Mise à jour – Au cours d'une conférence de presse sur le palmarès du théâtre, Pierre Lescure a indiqué que la mission qu'il dirige depuis l'an dernier rendra ses conclusions sur l'exception culturelle le 15 avril prochain.

Sujet du 22 mai 2012 – Au cours d'un entretien accordé dimanche à France 3, la ministre déléguée à l'économie numérique a annoncé que la concertation portant sur la révision de la loi Hadopi sera mise sur les rails dans les prochaines semaines. "Au terme de cette concertation, on avisera sur l'avenir d'Hadopi", a expliqué Fleur Pellerin, annonçant que ce chantier durera environ six mois.

Selon toute vraisemblance, c'est Pierre Lescure qui devrait diriger cette mission de concertation. En effet, Le Monde et le journaliste Frédéric Martel rapportent que l'ancien PDG de Canal+ devra "mettre en place cette instance afin d'entendre tous les acteurs de la filière et les consommateurs". En plus de ses anciennes fonctions chez Canal+, Pierre Lescure a été codirecteur général de Vivendi Universal.

Début mars, Pierre Lescure a donné une interview au Nouvel Observateur dans laquelle il explique avoir "essayé de contribuer à la réflexion de François Hollande sur Hadopi afin qu'il n'abroge pas cette loi sitôt élu mais qu'il ouvre un chantier. Celui-ci mêlera l'ensemble des acteurs sous l'

?il attentif de l'État qui validera ou non les propositions, dans l'idéal sous six-huit mois, afin d'être prêt avant l'arrivée de la télé connectée".

L'évocation de Pierre Lescure à la tête d'une mission sur Hadopi a immédiatement suscité l'ire de Philippe Aigrain, cofondateur de la Quadrature du Net, estimant "que la section politique de l'oligarchie gouvernante n'a vraiment rien compris aux conditions élémentaires de la restauration de la dignité du politique".

Ce n'est en effet pas la première fois qu'une personnalité proche des industries du divertissement est désignée pour travailler sur un sujet les concernant directement. On se souvient par exemple de Patrick Zelnik, qui a été désigné pour diriger une mission sur le piratage et le développement de l'offre légale. Or, celui-ci est aussi à la tête du label de musique Naïve.

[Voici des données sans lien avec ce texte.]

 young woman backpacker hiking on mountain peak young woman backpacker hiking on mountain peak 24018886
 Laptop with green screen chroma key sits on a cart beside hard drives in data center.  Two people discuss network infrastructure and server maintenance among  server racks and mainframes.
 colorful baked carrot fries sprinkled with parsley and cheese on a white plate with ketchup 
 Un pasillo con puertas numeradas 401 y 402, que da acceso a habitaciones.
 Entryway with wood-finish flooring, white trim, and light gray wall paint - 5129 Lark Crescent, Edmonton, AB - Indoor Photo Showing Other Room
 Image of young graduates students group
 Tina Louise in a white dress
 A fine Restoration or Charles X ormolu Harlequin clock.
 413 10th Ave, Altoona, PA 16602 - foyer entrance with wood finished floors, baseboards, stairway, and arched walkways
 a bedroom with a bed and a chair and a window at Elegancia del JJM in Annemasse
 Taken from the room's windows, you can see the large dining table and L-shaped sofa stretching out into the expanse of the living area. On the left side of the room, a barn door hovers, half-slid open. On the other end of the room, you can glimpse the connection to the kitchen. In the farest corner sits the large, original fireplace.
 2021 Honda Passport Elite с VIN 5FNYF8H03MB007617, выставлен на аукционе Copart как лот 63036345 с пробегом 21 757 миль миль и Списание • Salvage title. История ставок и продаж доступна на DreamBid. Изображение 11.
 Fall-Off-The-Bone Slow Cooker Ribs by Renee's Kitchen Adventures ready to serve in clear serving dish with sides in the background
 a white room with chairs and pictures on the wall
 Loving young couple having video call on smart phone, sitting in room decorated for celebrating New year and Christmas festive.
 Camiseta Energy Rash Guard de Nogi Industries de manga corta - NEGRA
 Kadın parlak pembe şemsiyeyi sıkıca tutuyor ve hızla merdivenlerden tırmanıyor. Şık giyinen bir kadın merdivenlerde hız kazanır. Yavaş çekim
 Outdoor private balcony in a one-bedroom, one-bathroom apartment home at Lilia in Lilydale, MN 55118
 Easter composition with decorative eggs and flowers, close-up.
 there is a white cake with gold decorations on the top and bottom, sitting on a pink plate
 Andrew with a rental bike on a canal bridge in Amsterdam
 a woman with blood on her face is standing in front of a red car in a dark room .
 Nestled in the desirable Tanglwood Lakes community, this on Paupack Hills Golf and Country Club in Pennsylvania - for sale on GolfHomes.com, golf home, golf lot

Il y a également eu Denis Olivennes, auteur d'un rapport sur le développement et la protection des œuvres culturelles sur les nouveaux réseaux". Or, il a été aussi très lié à cet univers. Il a ainsi dirigé le groupe FNAC pendant cinq ans, avant de passer à la direction d'Europe 1. Il est également en charge du pôle d'information du groupe média Lagardère.